The second half dives into the 2009 race, including the nail-biting climb of Mount Ventoux that initiated the beginning of the end, and is contrasted with Gibney’s new interview footage. Throughout, editors Andy Grieve and Tim Squyres lay out the narrative quite clearly, though it’s often the material itself that lacks punch or new insights into a well-publicized phenomenon that has plagued the cycling sport — and cycling business; “everyone was making money” as the protagonist remarks at one point — for years.
One of Gibney’s key questions — why stage a comeback that would prove fatal and, in the long run, reveal and ruin everything? — is never forcefully addressed and there’s no satisfactory, in-depth answer that explains why Armstrong chose to use the performance-enhancing drugs and lie about it until very recently, when federal investigations were underway (they’ve since been halted).

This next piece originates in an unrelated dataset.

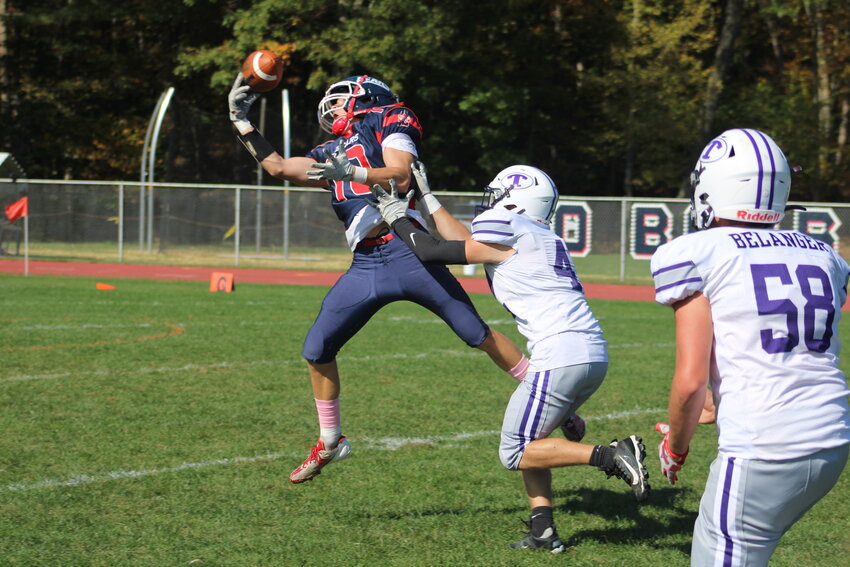 Misha Khodakovski makes a one-handed catch on the Bears opening drive.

The filmmaker does hint at the possibility that Armstrong — who continues to claim he was “clean” during the 2009 Tour (in which he placed third) and its disastrous 2010 follow-up (23rd place) — is trying to influence his own narrative even in front of Oprah and Gibney’s cameras. It can’t be a good sign if your subject seems to have the last word.
Venue: Venice Film Festival (Out of Competition)
Production companies: Kennedy/Marshall, Jigsaw Productions, Matt Tolmach
Writer-director: Alex Gibney
Producers: Frank Marshall, Matt Tolmach, Alex Gibney
Co-producers: Jennie Amias, Mark Higgins, Beth Howard
Director of photography: Maryse Alberti
Music: David Kahne
Editors: Andy Grieve, Tim Squyres
No rating, 122 minutes.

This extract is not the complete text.